EXERCISE AIM -
The answer must be only the lines below from the one holding "Managing Library Services" down to the one holding "英超最佳阵容揭晓范戴克领衔塞梅尼奥与帕尔默闪耀全场", ends included, printed exactly; please omit all pictures.

DATASET EXCERPTS -
◇ ◇ ◇ ◇

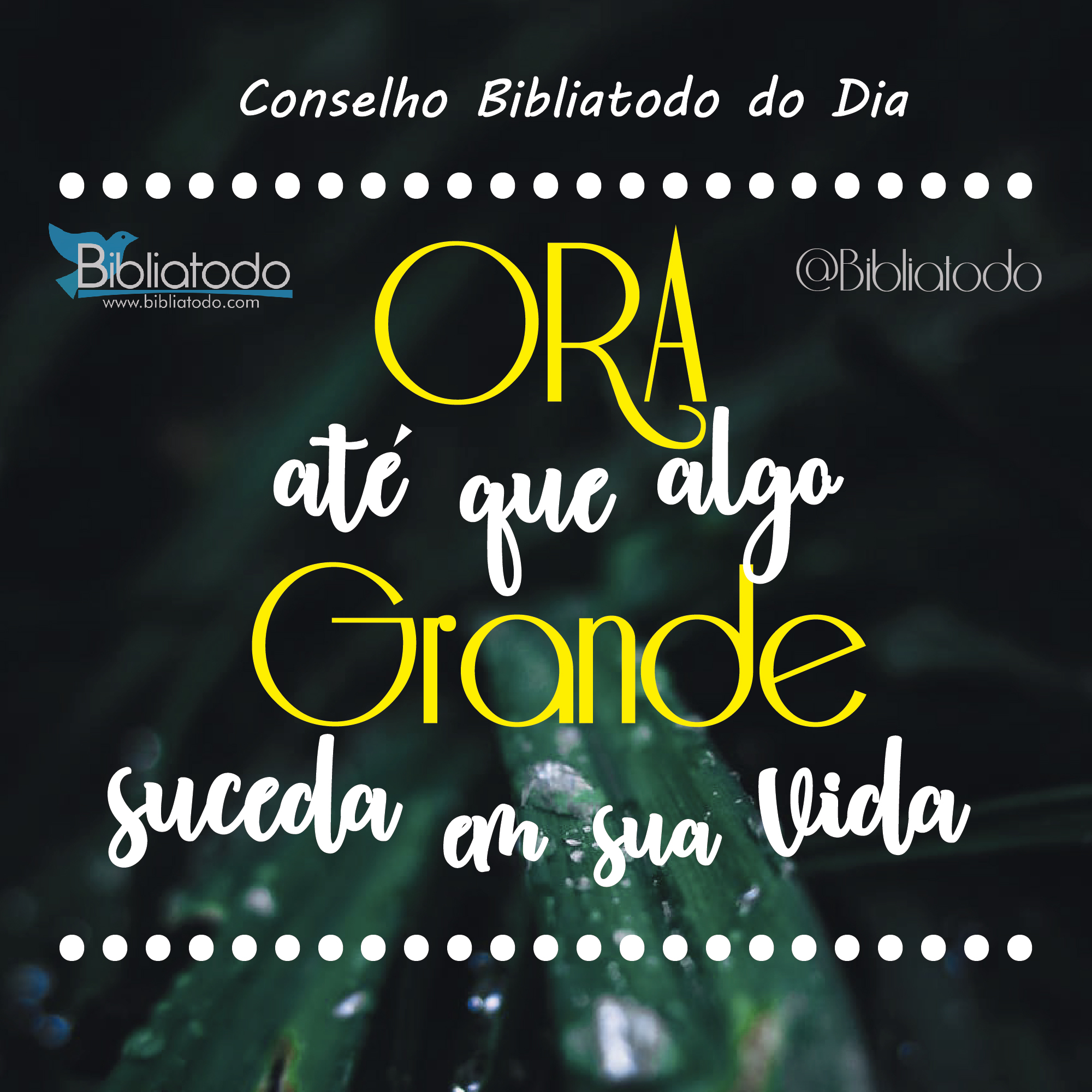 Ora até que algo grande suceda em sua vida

◇ ◇ ◇ ◇

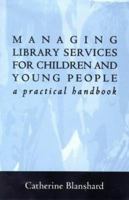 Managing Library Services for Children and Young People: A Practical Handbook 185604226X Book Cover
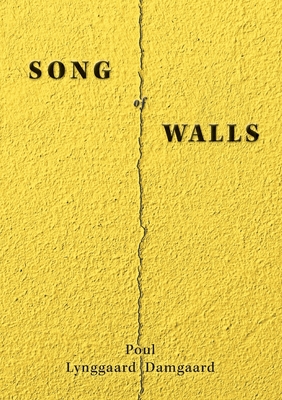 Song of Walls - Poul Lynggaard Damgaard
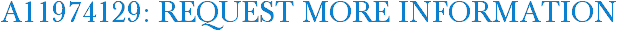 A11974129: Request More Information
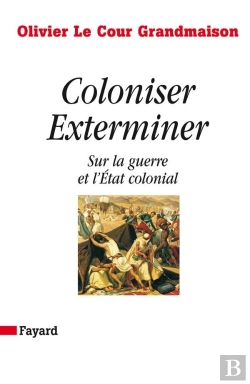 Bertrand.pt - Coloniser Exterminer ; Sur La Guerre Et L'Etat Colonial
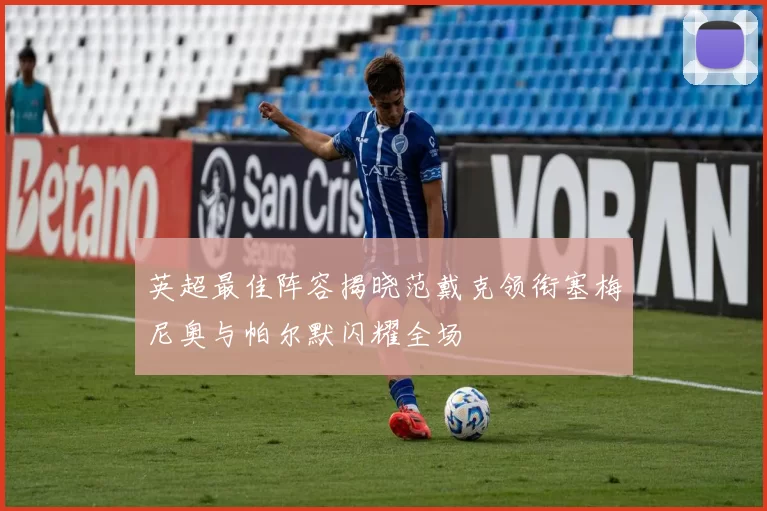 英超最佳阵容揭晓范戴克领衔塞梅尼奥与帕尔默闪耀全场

◇ ◇ ◇ ◇

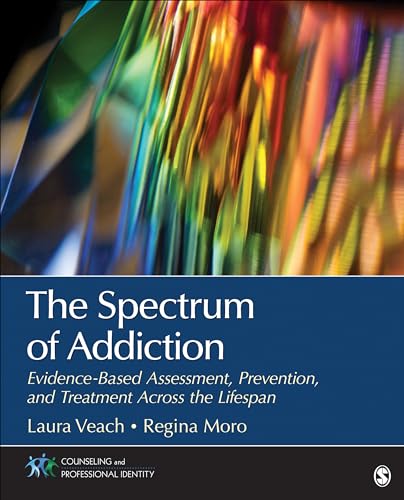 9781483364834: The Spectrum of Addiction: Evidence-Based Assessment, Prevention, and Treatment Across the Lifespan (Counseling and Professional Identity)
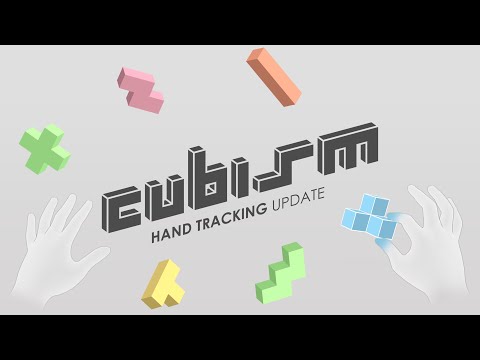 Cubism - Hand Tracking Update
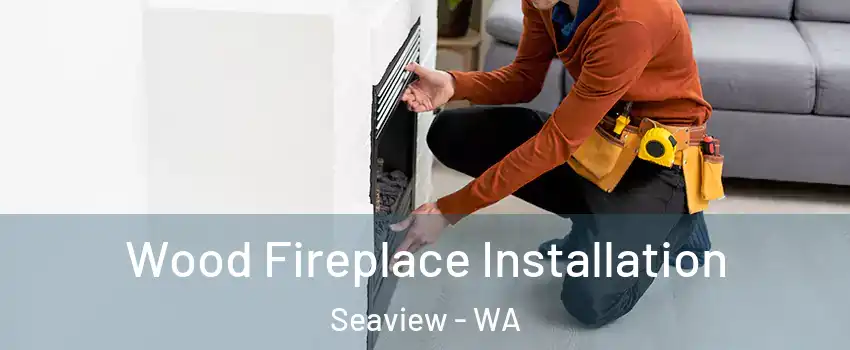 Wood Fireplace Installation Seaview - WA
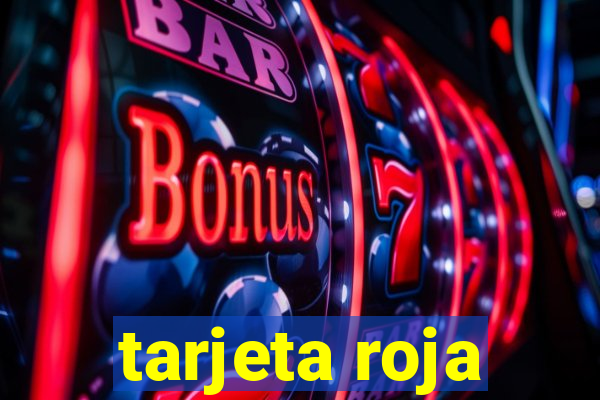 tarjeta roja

◇ ◇ ◇ ◇

YOUR RESPONSE -
 Managing Library Services for Children and Young People: A Practical Handbook 185604226X Book Cover
 Song of Walls - Poul Lynggaard Damgaard
 A11974129: Request More Information
 Bertrand.pt - Coloniser Exterminer ; Sur La Guerre Et L'Etat Colonial
 英超最佳阵容揭晓范戴克领衔塞梅尼奥与帕尔默闪耀全场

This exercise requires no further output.